**Exercise prompt**
Write out the entries below exactly, but only from the line containing "Pennyboard Vivo VINYL" through the line containing "Certified Used 2026", and without the pictures.

**Data to process**
[Start of Attachment]
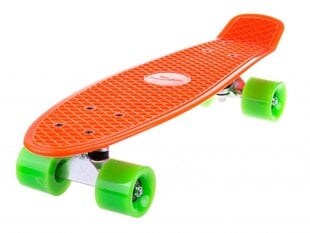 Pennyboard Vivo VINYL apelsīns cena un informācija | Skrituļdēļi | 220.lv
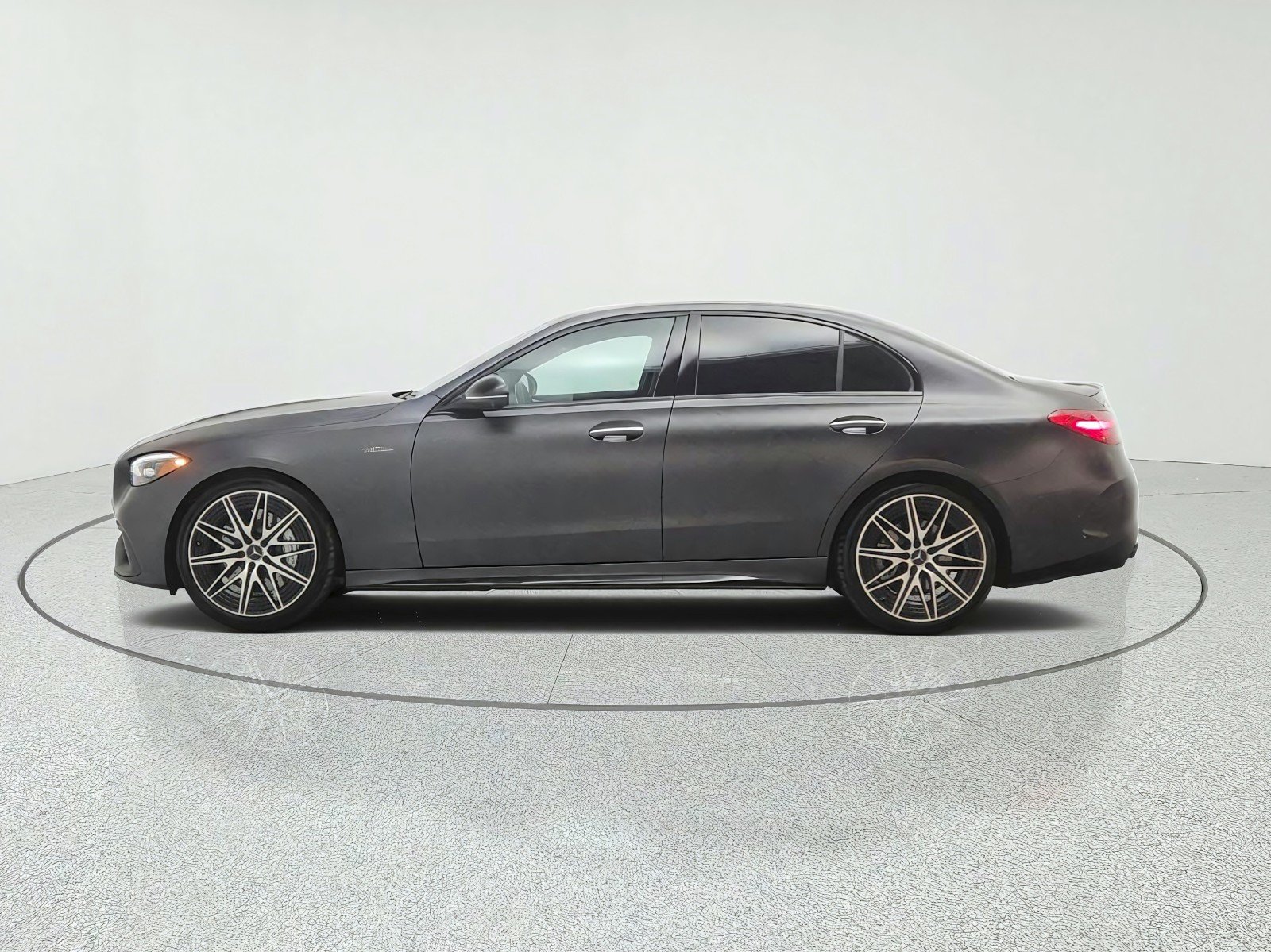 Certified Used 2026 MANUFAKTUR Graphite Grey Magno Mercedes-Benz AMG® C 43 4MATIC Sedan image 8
[End of Attachment]
[Start of Attachment]
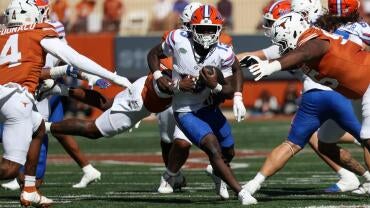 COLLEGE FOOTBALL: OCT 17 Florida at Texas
[End of Attachment]
**Reply**
 Pennyboard Vivo VINYL apelsīns cena un informācija | Skrituļdēļi | 220.lv
 Certified Used 2026 MANUFAKTUR Graphite Grey Magno Mercedes-Benz AMG® C 43 4MATIC Sedan image 8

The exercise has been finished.